Saul trembled and fell to the ground when He met with the light and truth of Jesus. How terrifying it must have been to understand that his life was built on lies and to realize who he was persecuting, that he had killed Jesus over and over each time he killed a believer in whom Jesus lived. Truth set Saul free from the path of destruction and freed him to respond to the purpose Jesus chose him for, to carry the His name before the Gentiles, their kings and the people of Israel (Acts 9:15). Jesus didn’t say this man “will be” my chosen instrument, He said this man “is” my chosen instrument, chosen even while he was still persecuting Jesus and thought his purpose was to destroy the church. Nothing Saul had done changed the plans Jesus had prepared for him in advance (Ephesians 2:10). And there’s nothing we have done that will change His plans for us. Thankfully, our resumes from the employer of darkness are removed as far as the East is from the West. Jesus’ plans for us are based on His resume and not determined by either our good or bad works (Ephesians 2:9). Jesus temporarily blinded Saul to the world to give him great spiritual vision.
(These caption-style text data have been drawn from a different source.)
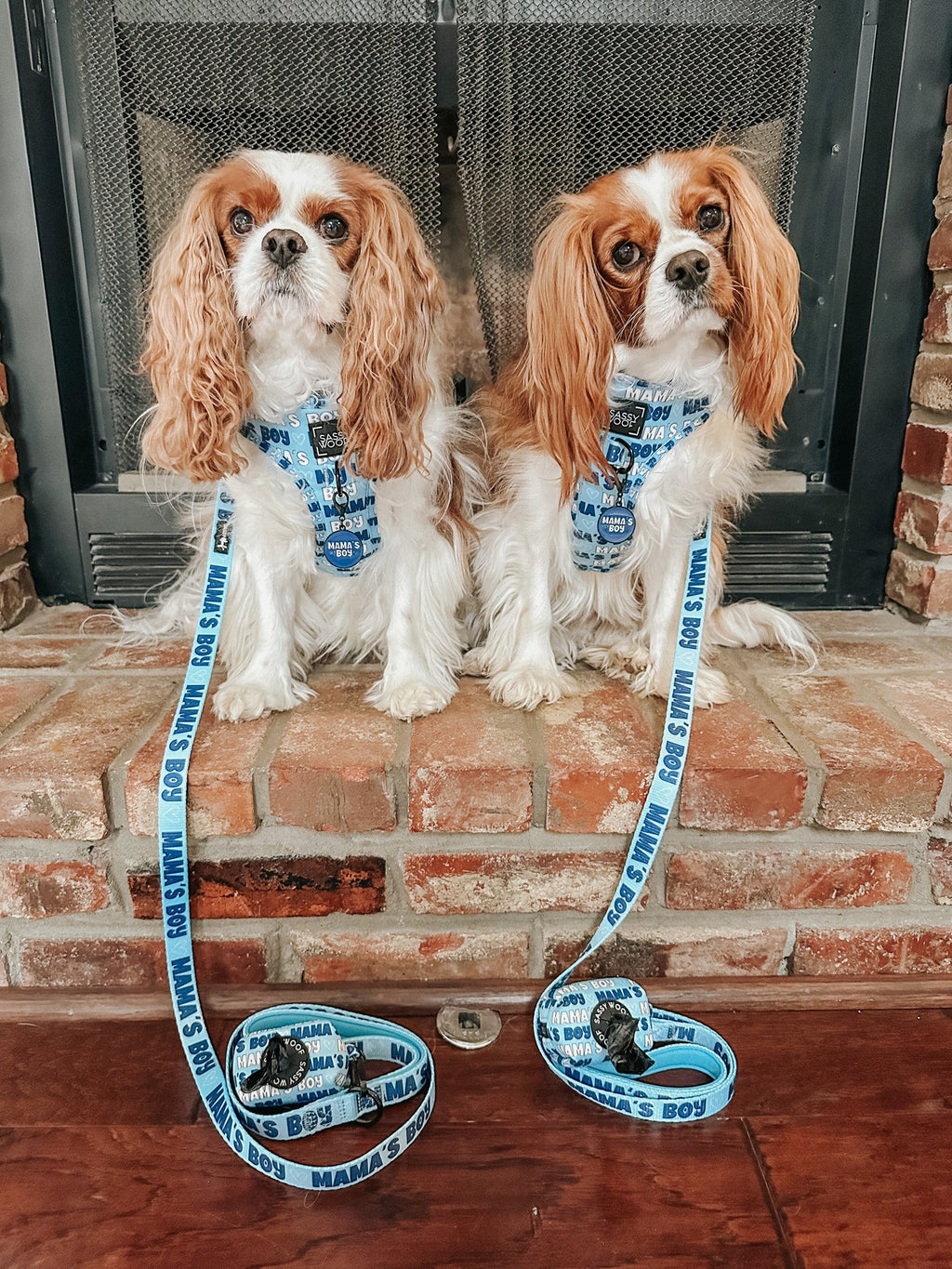 Collar Tag - Mama's Boy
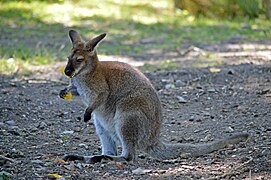 Wallaby de Bennett.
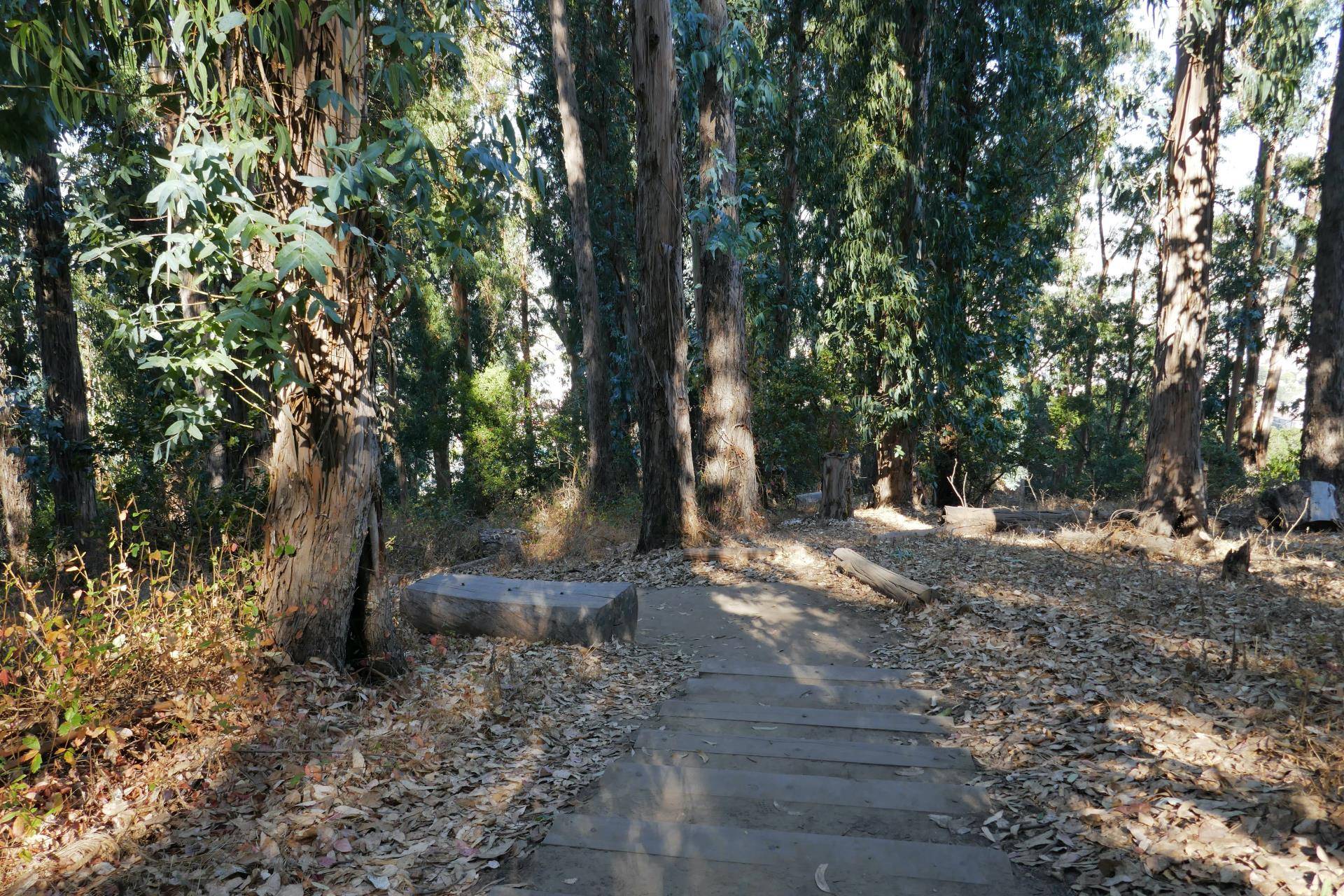 Albany Hill forest path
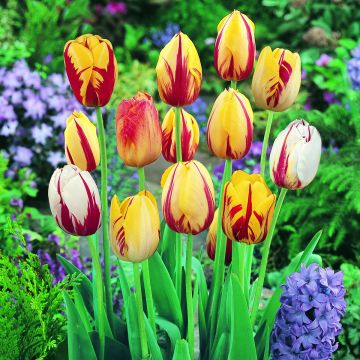 Mix Tulpe Rembrandt Mix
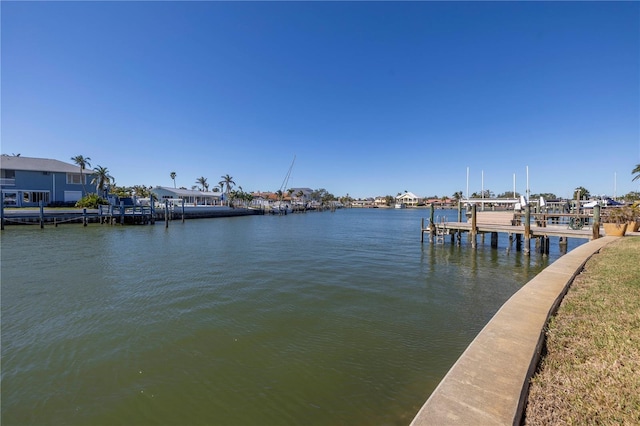 dock area with a water view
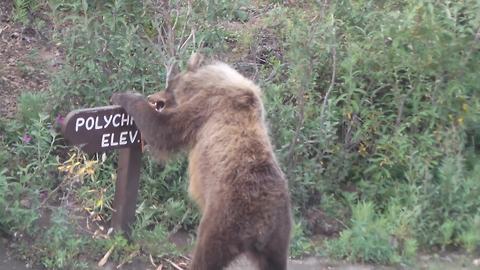 Big Brown Bear Tears Down A Wooden Road Sign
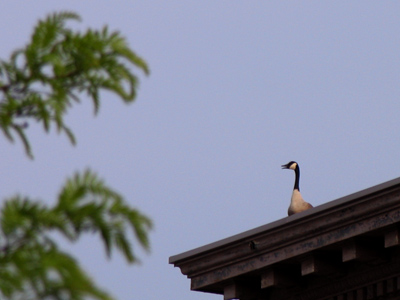 Someone should be deported back to Canada.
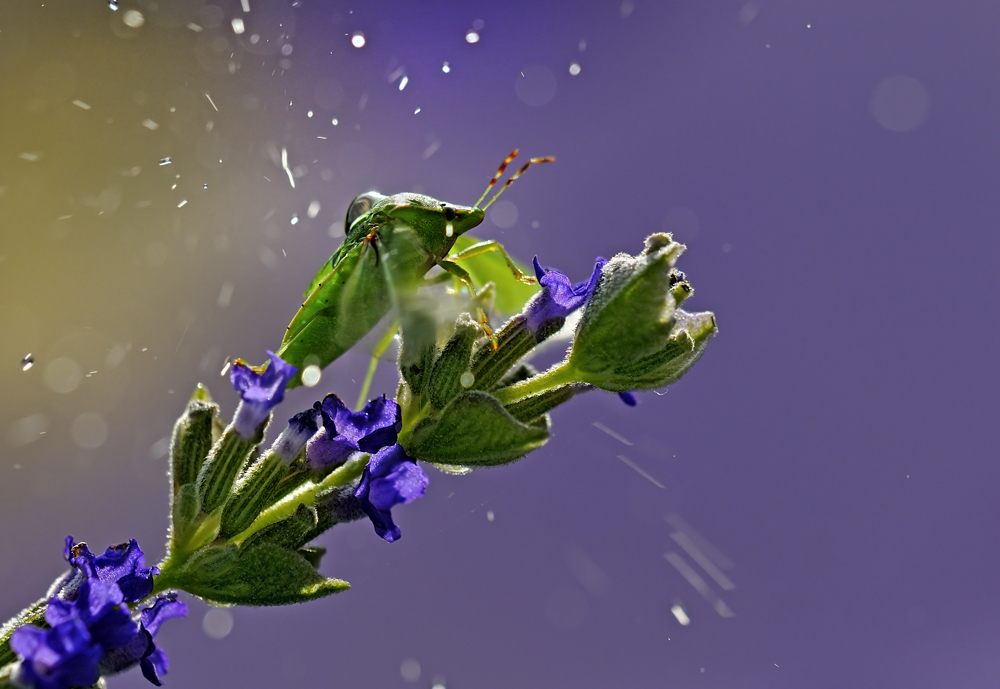 Scaldiamo i motori..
So how might taking our eyes off worldly things and spending time in the presence of Jesus help us to see more clearly the spiritual work He has chosen for us to do?
In this Acts 9 passage, Ananias and the Jerusalem disciples were fearful and suspicious of Saul because of his reputation. They still saw him as their persecutor because Jesus needed to align their vision with His. Jesus says we are either with Him or against Him (Matthew 12:30), so if we don’t see others through His eyes, are we then seeing them through Satan’s? Who are we doubting or mistrusting because of their past? We so often judge others by their past when maybe God’s saying forget the past because He wants to do something new (Isaiah 43:18-19). Who are we overlooking or considering their potential for ministry or service based on what they’ve done in the past or their current gifts? God doesn’t call the equipped, He equips the called. So where might we be hindering the path of someone God has chosen and changed because our vision isn’t aligned with His? And how much time do we spend in prayer asking Him to allow us to see others as He does?
Prayer: Dear Father full of grace and mercy. Thank you that you chose us to be your children, and you chose us to do your work. Thank you that no one is beyond your reach and that everyone who believes in you is changed and has a new, good and eternal purpose. Thank you for the example of Saul that shows us no matter how opposed to you we were or how sinful, if we are your chosen, your plans for us don’t change and you will not let us go. Give us your clear vision for ourselves, our brothers and sisters in Christ and our place in the body of Christ. Let us not ignore, overlook or hinder anyone you are calling to serve you. Rather give us wisdom and empowering to encourage each other in your eternal work. In the name of Jesus, the one who chooses and changes us. Amen!